Introduction to Support and Development Volume

Quick Summary: Take into consideration “later” activities “earlier” in the process.

Abstract:

In the excitement to launch a new company or new product or service, it is easy, and even natural, to focus on its probable, or almost guaranteed, future success.  It is easy to focus on the “good path” in which everything falls in place as planned.  Unfortunately, experience has shown that the “good path” represents roughly ten percent of the effort.  Exception handling and process variation realities take up the remaining ninety percent of the effort.  By considering those “later” items “earlier”, significant improvements will occur that will greatly increase the likelihood of success.

Grouping Support, Development, Quality, and Process articles in the same volume may appear to be illogical.  However, when one steps back and thinks about support issues that customers require, many of their root causes can be traced back to the development of the product or service, quality, or process implementation.  As the old saying goes: “Hindsight is 20/20”.  As customer issues arise, common observations are: “We should have known” or “We should have done more research”.

“Development”, as used in this volume, consists of far more considerations than the activities of the engineers or designers that are focusing on the creation of the product or service.  It encompasses many issues that should be considered long before the first developer begins their efforts of designing hardware or writing code.  It needs to start with “What should we develop?” and even “Why should we develop it?”.

Similar to Development, Customer Service activities need to start long before the first customer needs any service.  In fact, customer service considerations need to be taken into account early in the process, similar to the timing mentioned above about Development.

Unfortunately, in most organizations, especially well-established organizations, both Development and Customer Service departments become involved after requirements documents (for Development) and actual product availability (for Customer Service) have been finalized.  Invariably, items and considerations will have slipped through the crack.  Often, it is “too late” for corrective action.

For startups, the lack of involvement is often due to the perceived need to “get to the market” as fast as possible.  The perceived need may be based on the quest for first mover advantage or to impress potential investors.  It may also be based on the new, trendy introduction of the “Minimum Viable Product” approach.  There is no question that all of these motives can be valid and provide meaningful results. However, without at least thinking about the long-term impacts of both Development and Customer Service, the decisions made early-on may result in the selection of paths that will be hard to reverse later.

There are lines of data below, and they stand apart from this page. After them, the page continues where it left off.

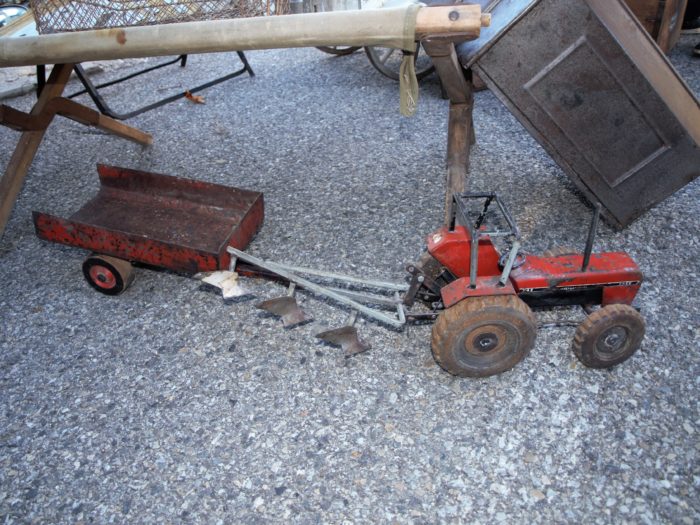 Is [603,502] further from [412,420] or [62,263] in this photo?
[62,263]

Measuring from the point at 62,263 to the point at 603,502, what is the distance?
3262 mm

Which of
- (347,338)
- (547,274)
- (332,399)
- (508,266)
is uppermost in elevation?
(508,266)

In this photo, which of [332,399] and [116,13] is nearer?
[332,399]

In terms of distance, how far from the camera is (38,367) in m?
2.75

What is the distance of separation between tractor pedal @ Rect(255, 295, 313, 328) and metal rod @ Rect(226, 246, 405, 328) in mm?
122

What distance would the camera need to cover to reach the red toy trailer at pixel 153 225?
2869 millimetres

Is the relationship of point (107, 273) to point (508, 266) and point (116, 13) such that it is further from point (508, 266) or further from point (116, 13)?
point (508, 266)

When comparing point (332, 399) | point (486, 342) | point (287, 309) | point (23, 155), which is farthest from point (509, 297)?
point (23, 155)

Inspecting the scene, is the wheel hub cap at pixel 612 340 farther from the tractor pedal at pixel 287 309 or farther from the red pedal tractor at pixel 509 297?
the tractor pedal at pixel 287 309

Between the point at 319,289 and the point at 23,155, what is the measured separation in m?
2.40

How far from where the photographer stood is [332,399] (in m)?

There are, of course, many other elements within every company that fall into the Development and Support category.  Human Capital (employee support and development), Marketing (sales support and prospect development), and Partner development and support, are some of those areas.  Although they could have been placed in this volume, their inclusion in other volumes in this collection was deemed to be more appropriate.

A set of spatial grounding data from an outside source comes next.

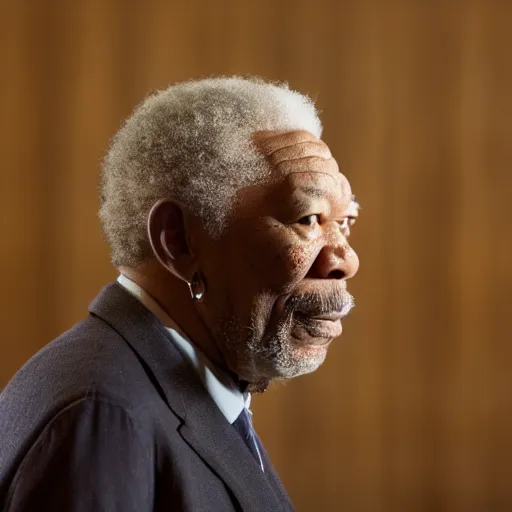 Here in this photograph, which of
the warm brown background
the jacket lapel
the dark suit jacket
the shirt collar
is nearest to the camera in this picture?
the dark suit jacket

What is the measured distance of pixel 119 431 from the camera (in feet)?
3.25

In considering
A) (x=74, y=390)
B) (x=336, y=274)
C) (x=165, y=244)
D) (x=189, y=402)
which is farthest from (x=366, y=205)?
(x=74, y=390)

Following the same inadvertent lack of forethought, Quality and Process implementation, often are addressed later, after-the-fact.  During the initial stages of envisioning a product or service, it is natural to think of all four categories, Development, Customer Service, Quality, and Process Implementation as important subjects that need to be addressed “later”, after the high-level plans are solidified.  The reality is that these four categories can be thought of as the four pillars that will hold up the structure on which the company can stand to see their vision.  Unfortunately, in many cases, “later” is “too late”.